# Directions
Would you repeat the data below exactly, taking out the images?
+++ Given data
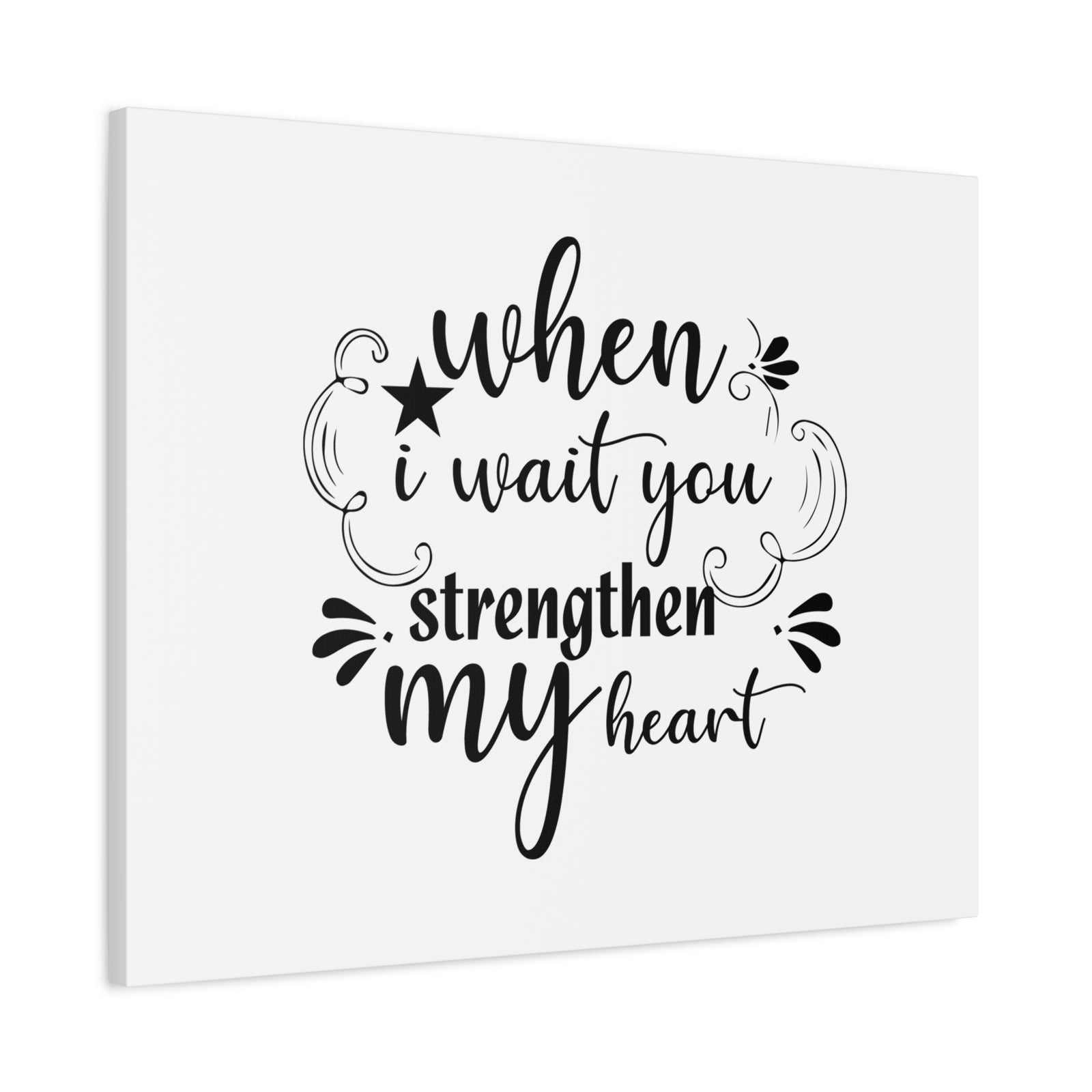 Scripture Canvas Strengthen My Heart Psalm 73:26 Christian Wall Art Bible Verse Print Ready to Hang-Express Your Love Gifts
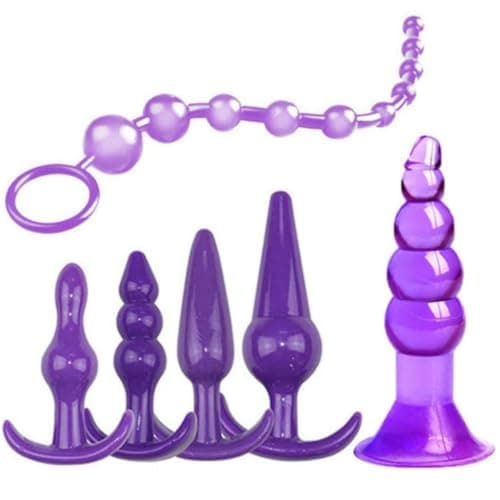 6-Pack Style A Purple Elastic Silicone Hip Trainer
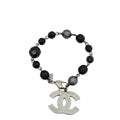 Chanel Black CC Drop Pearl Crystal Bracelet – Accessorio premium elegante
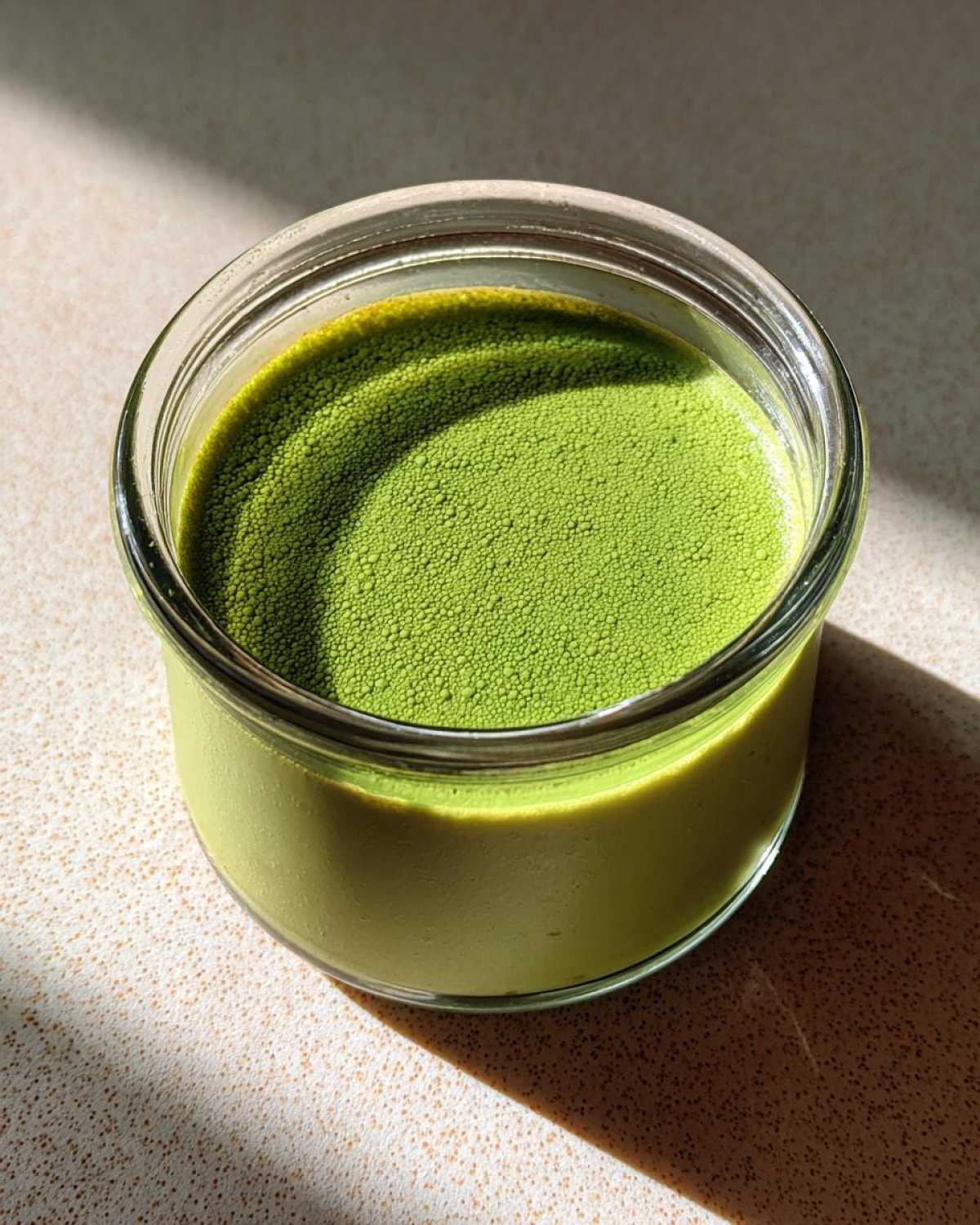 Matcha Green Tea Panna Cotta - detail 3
++++++
# Exercise response
 Scripture Canvas Strengthen My Heart Psalm 73:26 Christian Wall Art Bible Verse Print Ready to Hang-Express Your Love Gifts
 6-Pack Style A Purple Elastic Silicone Hip Trainer
 Chanel Black CC Drop Pearl Crystal Bracelet – Accessorio premium elegante
 Matcha Green Tea Panna Cotta - detail 3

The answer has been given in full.